▶ **WHAT YOU WILL DO**
Print the listing below word for word, but drop any pictures it contains.

▶ **RECORDED INFORMATION**

==========

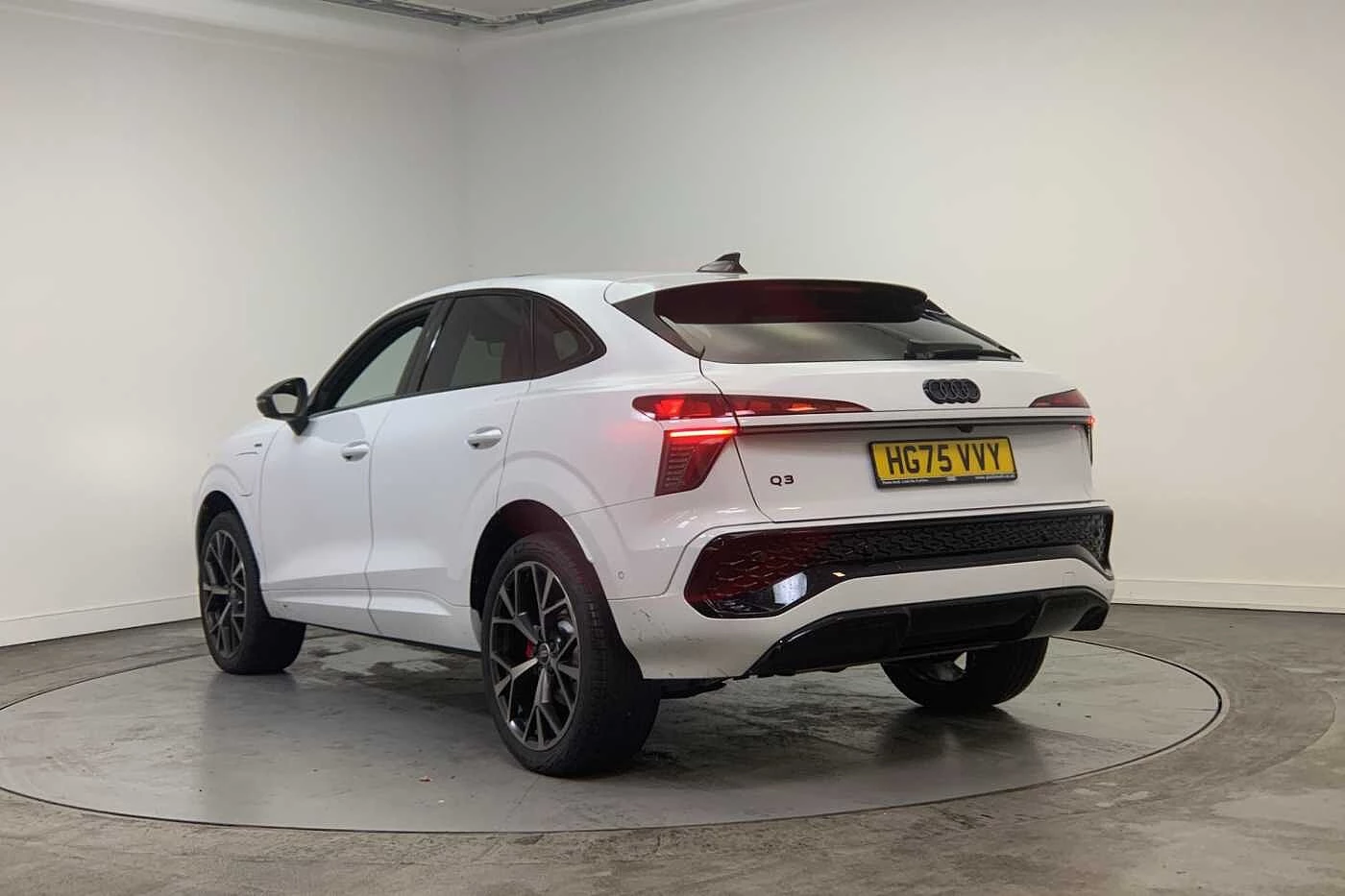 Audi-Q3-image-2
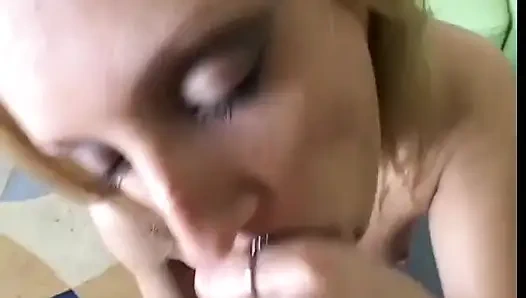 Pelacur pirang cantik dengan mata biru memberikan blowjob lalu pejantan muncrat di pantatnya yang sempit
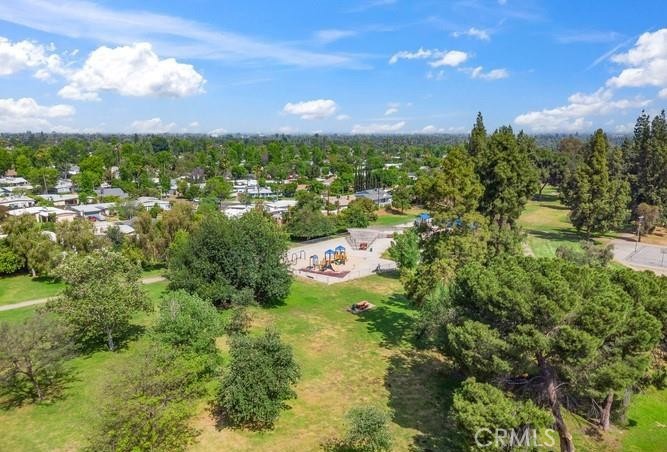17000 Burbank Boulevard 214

==========

▶ **ANSWER TO THE PROBLEM**
 Audi-Q3-image-2
 Pelacur pirang cantik dengan mata biru memberikan blowjob lalu pejantan muncrat di pantatnya yang sempit
17000 Burbank Boulevard 214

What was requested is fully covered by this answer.